Note to readers: This is an accompanying piece to my Friday column" Will our dark time reappear?" My "Friday random thoughts" blog will appear on Monday, then return to its normal Friday slot.
• Wednesday evening I talked on the phone with Elsie Kagehiro, a Tracy resident for 50 years and a survivor of the Japanese-American internment camps during World War II. We talked for more than 30 minutes about her experience in the Granada, Colo., camp and her subsequent readjustment to life after internment.
The following are several quotes transcribed from this interview that I feel express the sadness, wisdom, resolve and amazing lack of bitterness personified by Elsie. Some of these also appeared in Friday's column.
"These boys volunteered to show their loyalty."
She said the saddest part of her internment was watching other people's brothers enlist in the U.S. Army, and then "when the generals came to deliver the news" that these young men had died.
"To be enclosed with a barbed wire fence with soldiers guarding us was a sight to see."
"Since I was younger, my feeling was to get ahead.
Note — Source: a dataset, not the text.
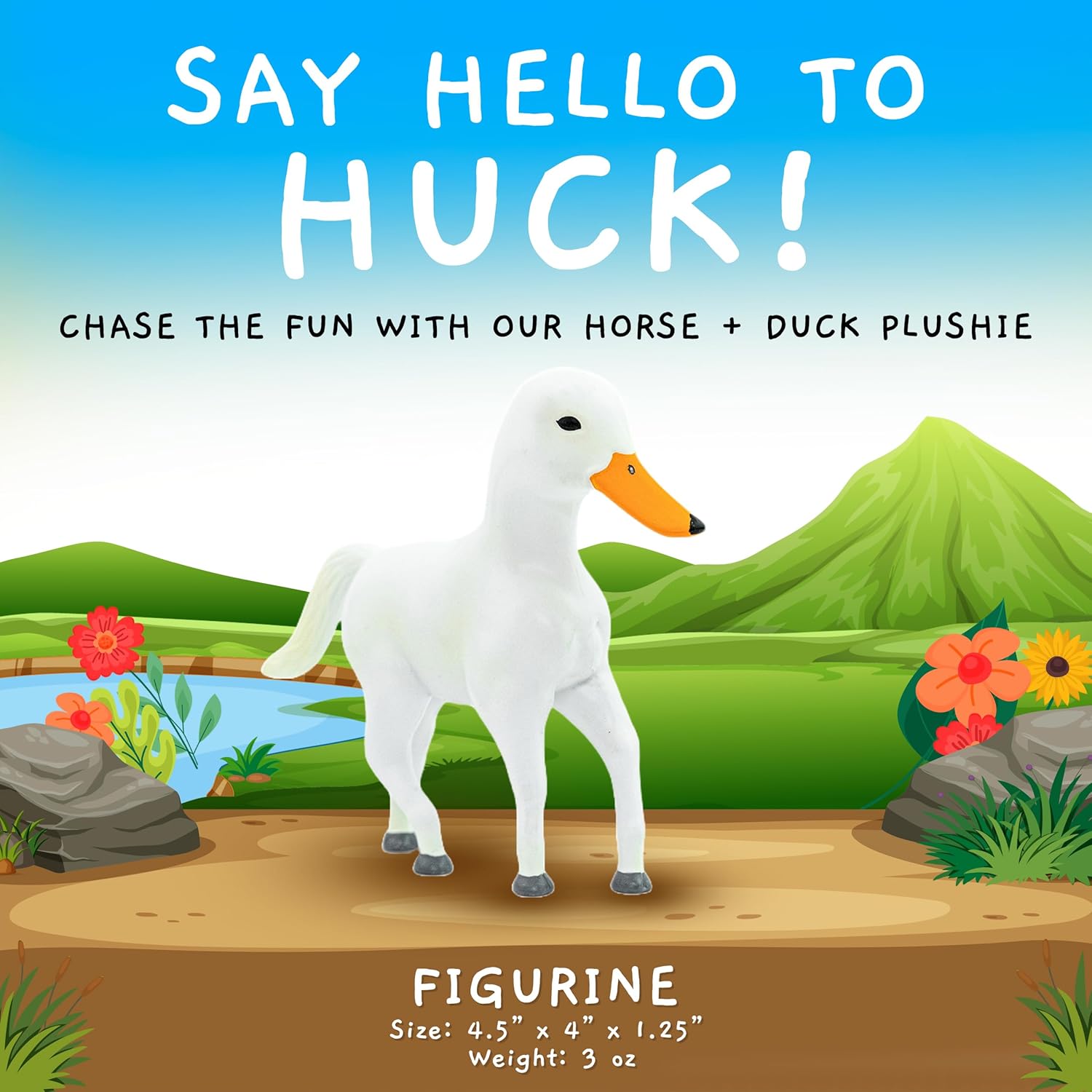 Randimals Huck Figurine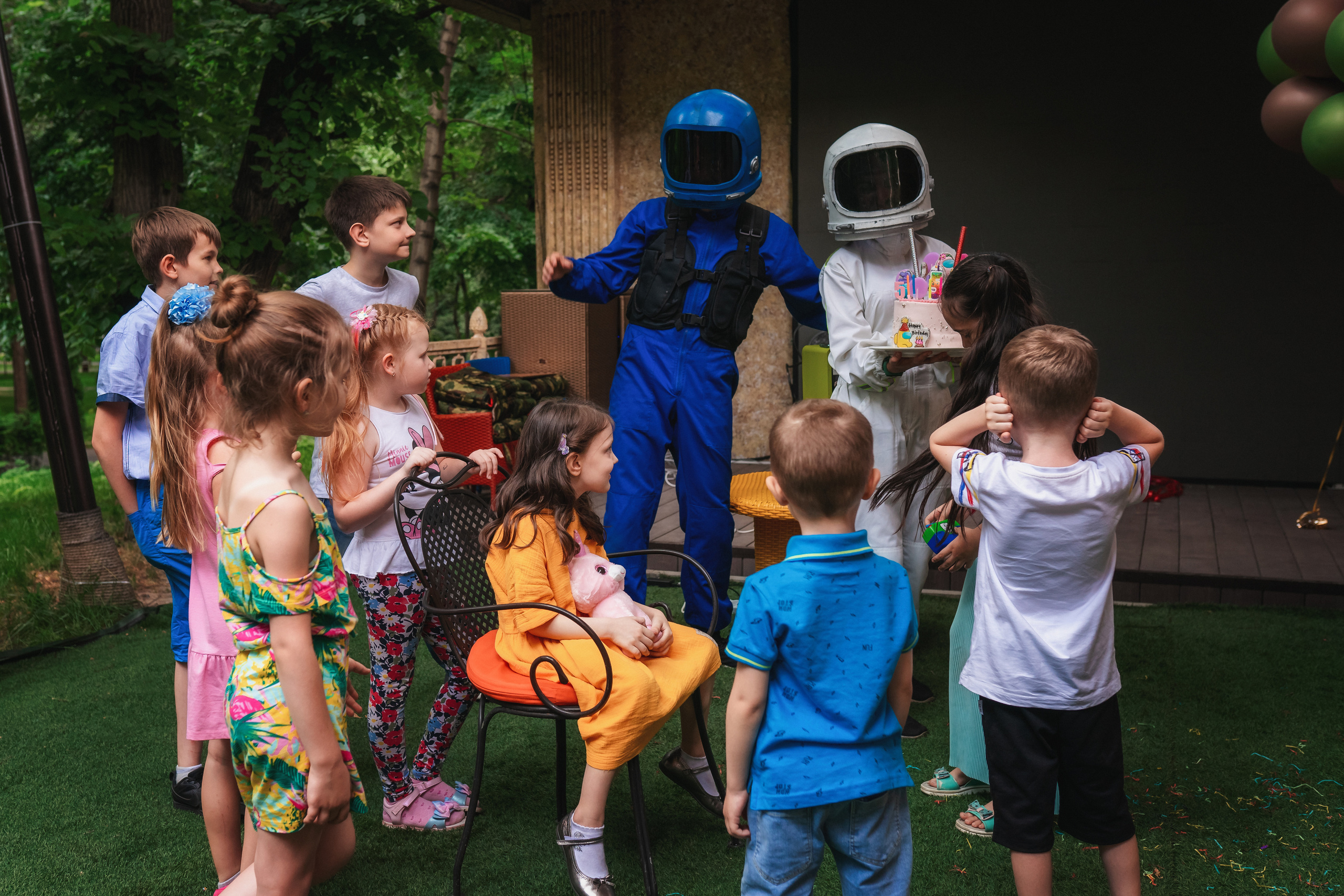 Веронике 5 лет. Семейный фотограф в Алматы Анжелика Али Номан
I didn’t have much bitterness; I was just thinking to get ahead. I’m sure that was the thinking of all the younger people. ... I really felt bad for the older generation"
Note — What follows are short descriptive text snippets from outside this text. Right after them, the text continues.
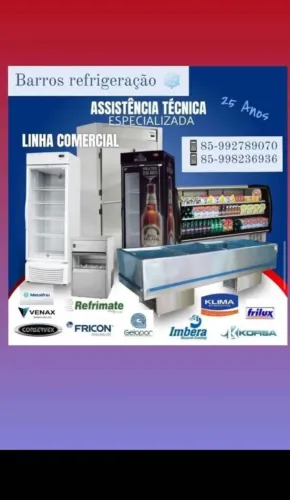 Conserto de Geladeira freezer gelagua bebedouro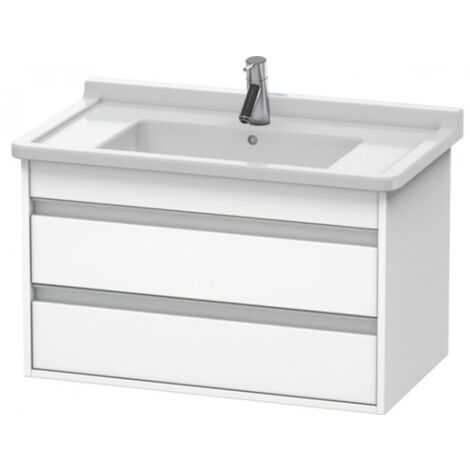 Mueble bajo lavabo KETHO 465x800x480mm blanco mate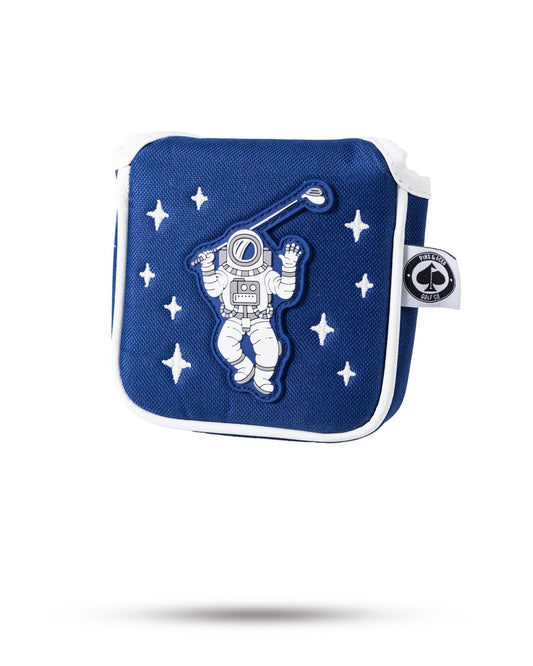 NASA Space Walk - Mallet Putter Cover - Pins and Aces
She said that her experience was not nearly as bad as that of her parents and grandparents who had worked so hard to eke out an existence and even learn English, then to be stripped of everything by their country.
“I felt that I just had to go on with my life. Even among friends I don’t even talk about it, really. We were too busy getting on with our lives.”
"At that time we didn’t have Japanese-American leaders what we have now."
There was no one to speak up for those being interned.
"We were citizens and we were taken away, and that was an injustice I think. Definitely. And I think a lot of people are going through that more or less, now, I think. I feel for the Muslim people, definitely."